■ Assignment ■
When you reach the line that holds "Apartamento Bellaria Ll", start copying exactly and keep going through the final line of the data, leaving out pictures.

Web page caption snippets
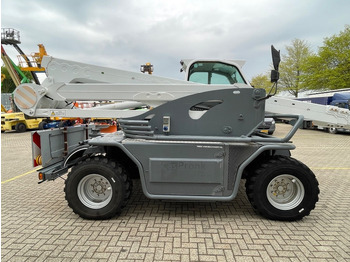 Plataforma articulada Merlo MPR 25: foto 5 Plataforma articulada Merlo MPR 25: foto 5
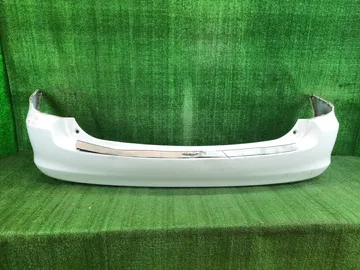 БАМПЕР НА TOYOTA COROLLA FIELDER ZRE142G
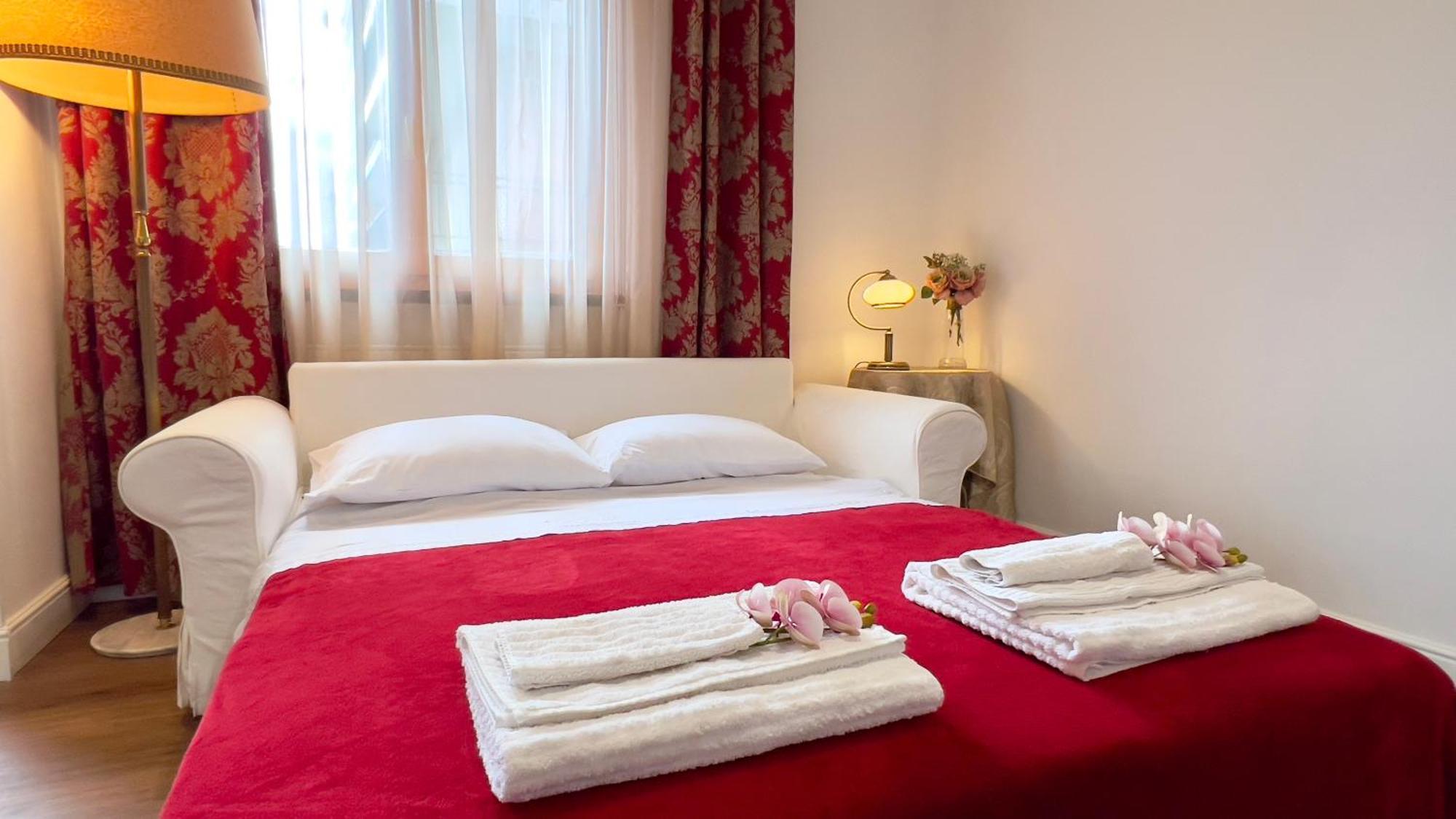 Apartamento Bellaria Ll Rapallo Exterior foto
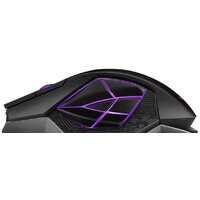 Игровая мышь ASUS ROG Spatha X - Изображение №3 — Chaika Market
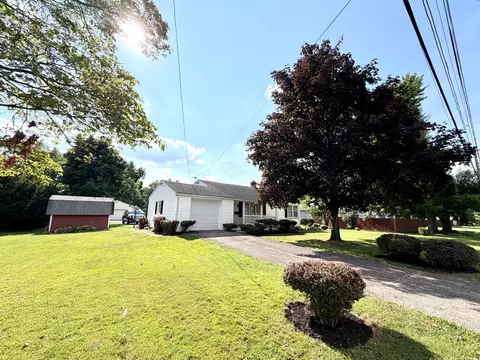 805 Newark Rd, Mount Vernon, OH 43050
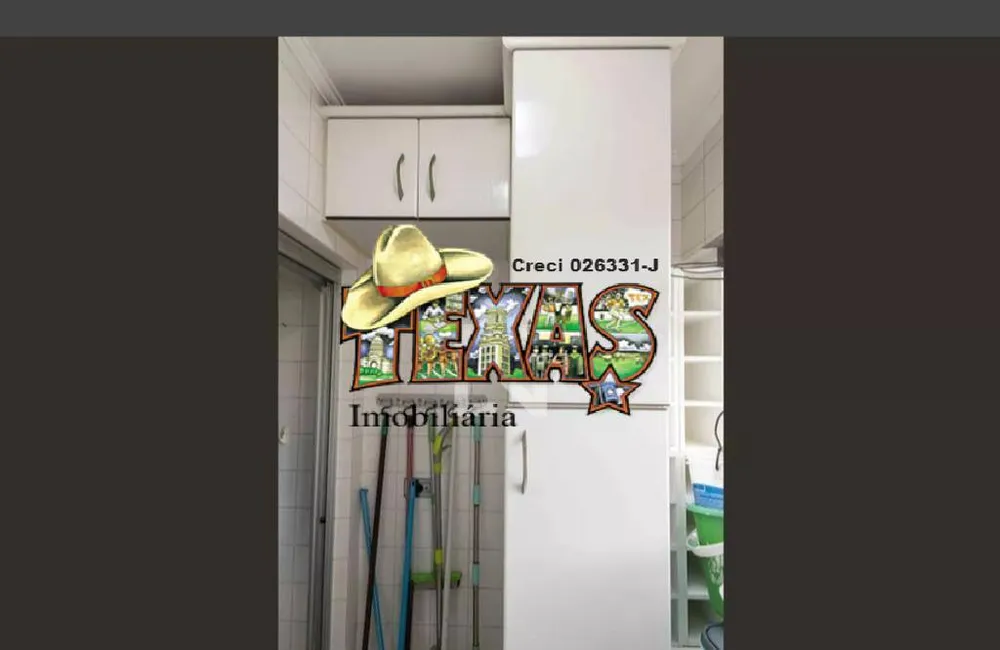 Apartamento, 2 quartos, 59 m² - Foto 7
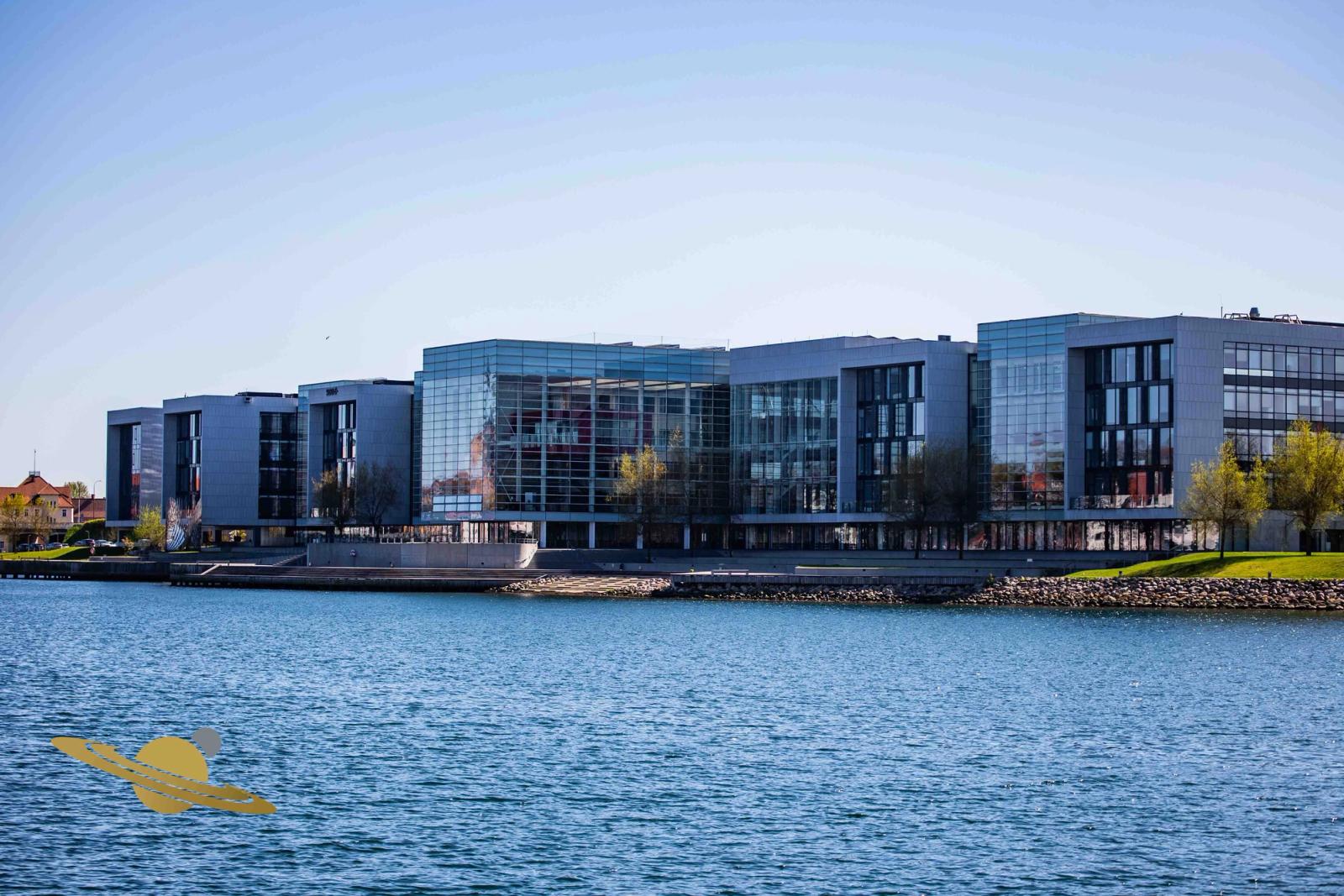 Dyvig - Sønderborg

■ Solution to this task ■
 Apartamento Bellaria Ll Rapallo Exterior foto
 Игровая мышь ASUS ROG Spatha X - Изображение №3 — Chaika Market
 805 Newark Rd, Mount Vernon, OH 43050
 Apartamento, 2 quartos, 59 m² - Foto 7
 Dyvig - Sønderborg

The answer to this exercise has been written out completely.